# Creating your own text using [Tesseract OCR](https://github.com/tesseract-ocr/tesseract)
If available OCR is too bad, we can manually create our own. Here are some ideas on what to try:
**Improve image quality and text orientation**
We will use a custom Python script developed at ONB for use in two projects supported by CLARIAH-AT (see https://clariah.at/en/projects/machine-learning-suite-iiif-resources/ and https://clariah.at/en/projects/esperanto-newspaper-excerpts/). The script is intended for use on historic scans and will remove scanning borders, deskew the image as well as convert to gray scale. See also the demonstration of this script at the ANNO event 2023 (https://labs.onb.ac.at/gitlab/labs-team/anno-event-2023).

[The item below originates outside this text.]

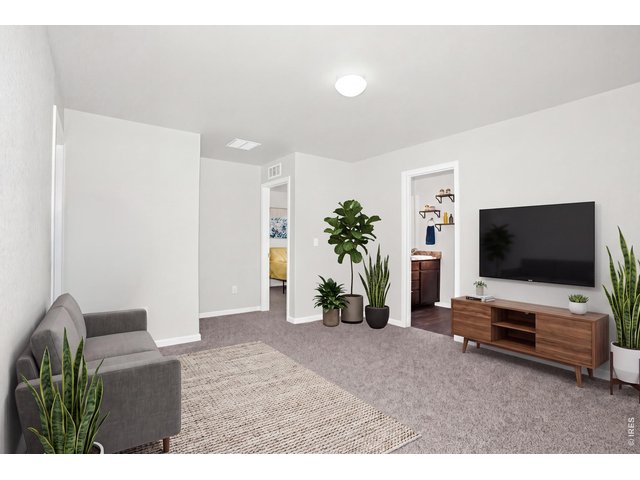 Property Photo 17 The loft "hub" of the upstairs has endless possibilities! Seen here as a 2nd TV/Media area...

**Improve data basis of OCR software**
For German Fraktur script Tesseract with default data will not give good results. We can use specialized models trained for Fraktur from https://ub-backup.bib.uni-mannheim.de/~stweil/tesstrain/. For example:
### Apply Tesseract to original and preprocessed images
This assumes your system has Tesseract installed and that it is available (i.e. added to the PATH variable) under the command `tesseract`. We make the call with the following options:
- language data `-l deu+Fraktur+frk`: provided by Tesseract for German and Fraktur scripts (see https://github.com/tesseract-ocr/tessdata_best)
- page segmentation mode `--psm 3`: Fully automatic page segmentation, but no OSD. (Default). You can see other available modes using the command `tesseract --help-extra`